◆ What needs to be done
Would you please repeat exactly the entries below, starting at the line with "Papier peint Forêt" and ending at the line with "African Striped Grass Mouse", and nothing outside that range? Leave out the pictures.

◆ Record set
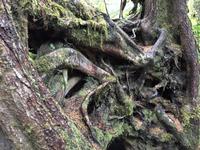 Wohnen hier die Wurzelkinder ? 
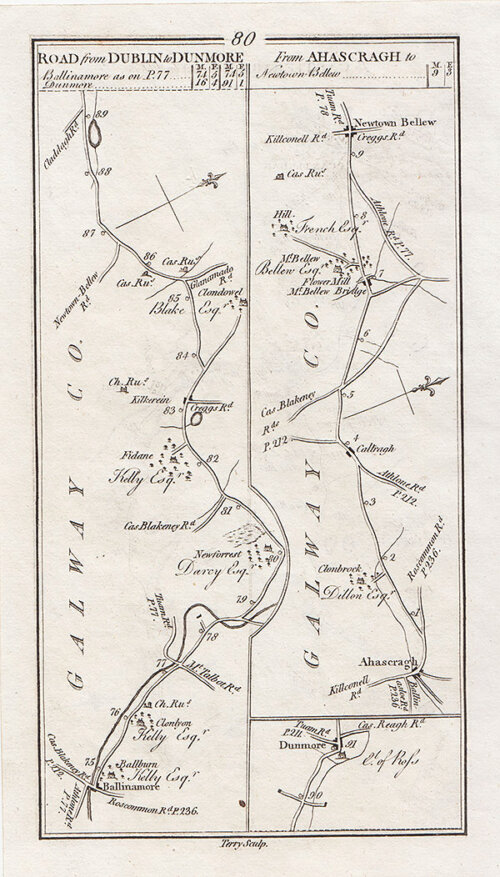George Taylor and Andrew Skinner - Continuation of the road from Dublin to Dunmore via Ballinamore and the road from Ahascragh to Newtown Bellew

==

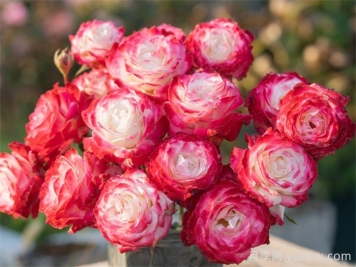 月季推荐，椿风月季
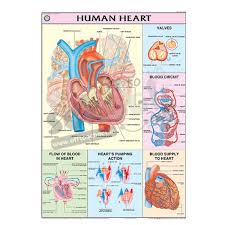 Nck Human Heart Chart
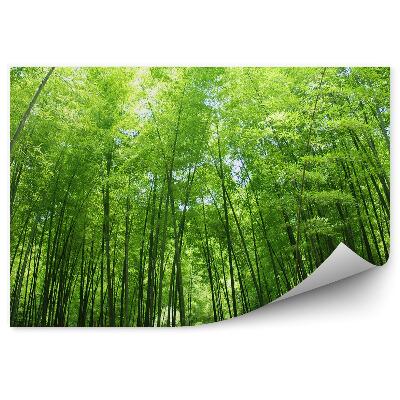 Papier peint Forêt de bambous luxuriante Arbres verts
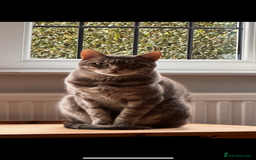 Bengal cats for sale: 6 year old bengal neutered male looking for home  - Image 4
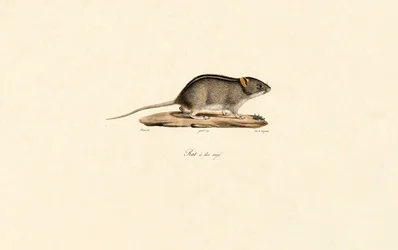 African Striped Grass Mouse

◆ Task answer
 Papier peint Forêt de bambous luxuriante Arbres verts
 Bengal cats for sale: 6 year old bengal neutered male looking for home  - Image 4
 African Striped Grass Mouse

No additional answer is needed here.